(Data supplied)

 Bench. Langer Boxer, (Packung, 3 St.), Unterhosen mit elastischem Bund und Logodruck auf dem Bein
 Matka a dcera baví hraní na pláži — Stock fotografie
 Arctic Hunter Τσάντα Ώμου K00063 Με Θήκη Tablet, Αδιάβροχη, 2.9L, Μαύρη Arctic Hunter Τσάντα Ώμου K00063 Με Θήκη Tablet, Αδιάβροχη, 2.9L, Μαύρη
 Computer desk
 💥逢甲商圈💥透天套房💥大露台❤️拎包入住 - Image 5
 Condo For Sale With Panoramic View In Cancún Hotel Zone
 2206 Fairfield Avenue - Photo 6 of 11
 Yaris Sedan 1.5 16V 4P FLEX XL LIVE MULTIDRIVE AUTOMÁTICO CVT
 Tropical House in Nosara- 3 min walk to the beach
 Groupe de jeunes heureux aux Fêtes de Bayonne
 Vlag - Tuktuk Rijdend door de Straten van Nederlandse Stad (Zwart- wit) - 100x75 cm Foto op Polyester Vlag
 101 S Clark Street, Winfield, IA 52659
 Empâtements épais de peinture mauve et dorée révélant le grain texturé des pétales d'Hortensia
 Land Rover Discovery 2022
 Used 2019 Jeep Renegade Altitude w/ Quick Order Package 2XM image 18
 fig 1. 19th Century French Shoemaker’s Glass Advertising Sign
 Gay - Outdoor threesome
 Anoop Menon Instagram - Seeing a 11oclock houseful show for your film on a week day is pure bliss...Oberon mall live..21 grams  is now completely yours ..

(End Data supplied)

## Exercise objective:
Exactly as written above, reproduce all of the entries.

## Result of this task:
 Bench. Langer Boxer, (Packung, 3 St.), Unterhosen mit elastischem Bund und Logodruck auf dem Bein
 Matka a dcera baví hraní na pláži — Stock fotografie
 Arctic Hunter Τσάντα Ώμου K00063 Με Θήκη Tablet, Αδιάβροχη, 2.9L, Μαύρη Arctic Hunter Τσάντα Ώμου K00063 Με Θήκη Tablet, Αδιάβροχη, 2.9L, Μαύρη
 Computer desk
 💥逢甲商圈💥透天套房💥大露台❤️拎包入住 - Image 5
 Condo For Sale With Panoramic View In Cancún Hotel Zone
 2206 Fairfield Avenue - Photo 6 of 11
 Yaris Sedan 1.5 16V 4P FLEX XL LIVE MULTIDRIVE AUTOMÁTICO CVT
 Tropical House in Nosara- 3 min walk to the beach
 Groupe de jeunes heureux aux Fêtes de Bayonne
 Vlag - Tuktuk Rijdend door de Straten van Nederlandse Stad (Zwart- wit) - 100x75 cm Foto op Polyester Vlag
 101 S Clark Street, Winfield, IA 52659
 Empâtements épais de peinture mauve et dorée révélant le grain texturé des pétales d'Hortensia
 Land Rover Discovery 2022
 Used 2019 Jeep Renegade Altitude w/ Quick Order Package 2XM image 18
 fig 1. 19th Century French Shoemaker’s Glass Advertising Sign
 Gay - Outdoor threesome
 Anoop Menon Instagram - Seeing a 11oclock houseful show for your film on a week day is pure bliss...Oberon mall live..21 grams  is now completely yours ..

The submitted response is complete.